Le sujet du « futur du travail » est vaste et
complexe, un billet de quelques pages ne peut faire qu’effleurer le sujet,
j’aurai donc l’occasion d’y revenir. Pour conclure, je voudrais souligner
quatre idées qui résument cette première étape de ma réflexion :
- Nous allons voir se consolider un réseau d’entreprises multi-échelle avec plus de grandes entreprises internationales (concentration) et plus de petites (qui exploiteront mieux le potentiel de diversification et d’interaction) – L’entreprise 3.0 n’est pas soluble dans la technologie.

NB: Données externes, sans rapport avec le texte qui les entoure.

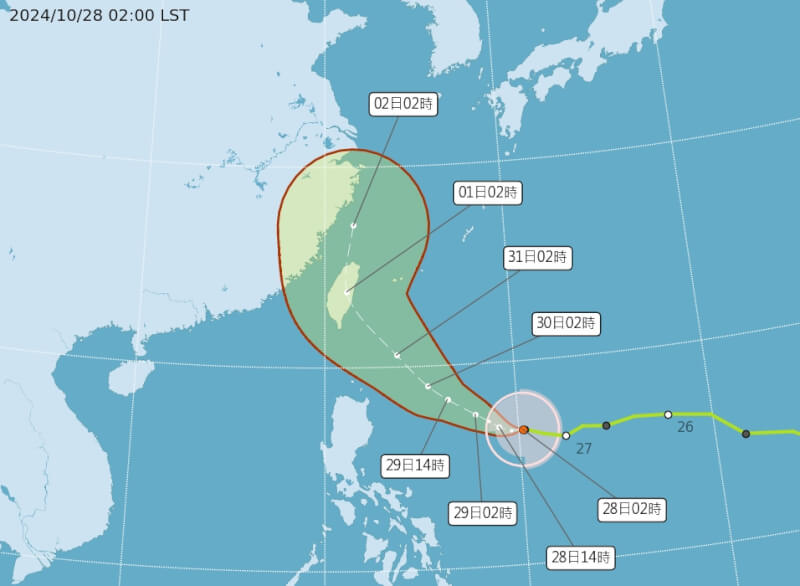 東北季風增強北台濕涼 沿海風強浪大留意長浪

- L’entreprise 2030 est une entreprise en réseau ouvert – réseau d’équipes internes/ externes – qui exploitent les possibilités sans cesse croissante d’efficacité et de collaboration de la technologie mais qui s’appuie sur les principes de l’entreprise 3.0 (réseaux de petites équipes autonomes travaillant de façon synchrone autour d’une vision commune), parce que la complexité va continuer à augmenter.
- La décroissance rapide des emplois dans la production va conduire à une augmentation des services à la personne, en s’appuyant sur des plateformes technologiques. Le passage de l’un à l’autre est forcément un bouleversement culturel et sociétal, avec une période de transition dont la pénibilité sera proportionnelle à la rigidité des choix politiques des pays.